Was sie vorfand, war gigantisch: Alleine in Bali schoss Mead mit ihrem Mann Gregory Bateson in den 1930erJahren über 25 000 Fotos und bespielte 500 Filmrollen. Chakkalakal begann das Gesehene historisch einzuordnen in eine Zeit, in der das Interesse am Fremden stark zunahm. Einer Zeit der Bewahrungsethnologie, in der die Forschenden ununterbrochen filmten, fotografierten und notierten, weil sie darin die letzte Gelegenheit vermuteten, vom Aussterben bedrohte indigene Kulturen einzufangen.

Kulturwissenschaft, die sich einmischt

Mead ist für Chakkalakal auch Inspiration für die eigene Arbeit. Die US-Ethnologin beteiligte sich zeitlebens an öffentlichen Diskussionen und kämpfte gegen Rassismus, Eurozentrismus und überkommene Rollenbilder. «Kulturwissenschaftlerinnen arbeiten auch heute oft an brandaktuellen sozialen Fragen, die tagtäglich in den Medien verhandelt werden. Wir müssen uns mit unserem Wissen wieder vermehrt in öffentliche Debatten einmischen», ist Chakkalakal überzeugt. Als Beispiel nennt sie den Fall der sexuellen Übergriffe in Köln und deren Kopplung mit wiederkehrenden rassistischen Stereotypen.

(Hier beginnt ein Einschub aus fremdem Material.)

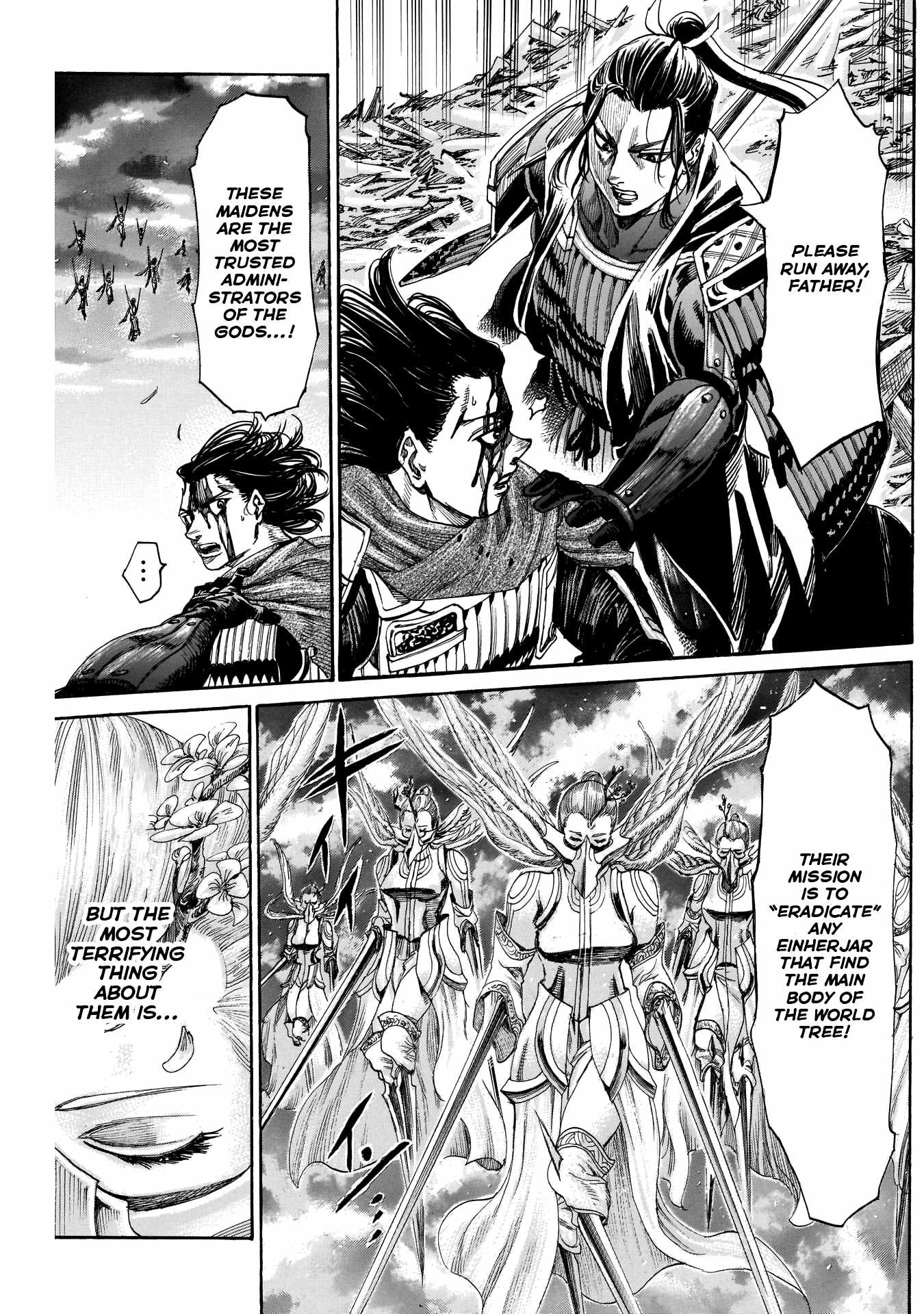 Kurogane no Valhallian Chapter 52 12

Eine Möglichkeit, um ihre Forschung einer breiteren Öffentlichkeit zugänglich zu machen, entdeckte Chakkalakal kürzlich in der Museumsarbeit. Derzeit plant sie mit dem Johann Jacobs Museum in Zürich zwei Ausstellungen zur gegenseitigen Befruchtung zwischen Kunst und Ethnologie. Davor wird die Kulturanthropologin nochmals während zwei längeren Aufenthalten in den USA in Archiven wühlen und abermals in die Welt von Margaret Mead eintauchen.

Silvy Chakkalakal studierte Kulturwissenschaft und Literaturkomparatistik in Tübingen, London und Berlin. Sie promovierte an der Humboldt-Universität zu Berlin. Ihre Doktorarbeit erschien 2014 unter dem Titel «Die Welt in Bildern» im Wallstein Verlag. Als wissenschaftliche Mitarbeiterin am Fachbereich Kulturwissenschaft und Europäische Ethnologie analysiert sie derzeit die visuelle Feldforschung der US-Ethnologin Margaret Mead.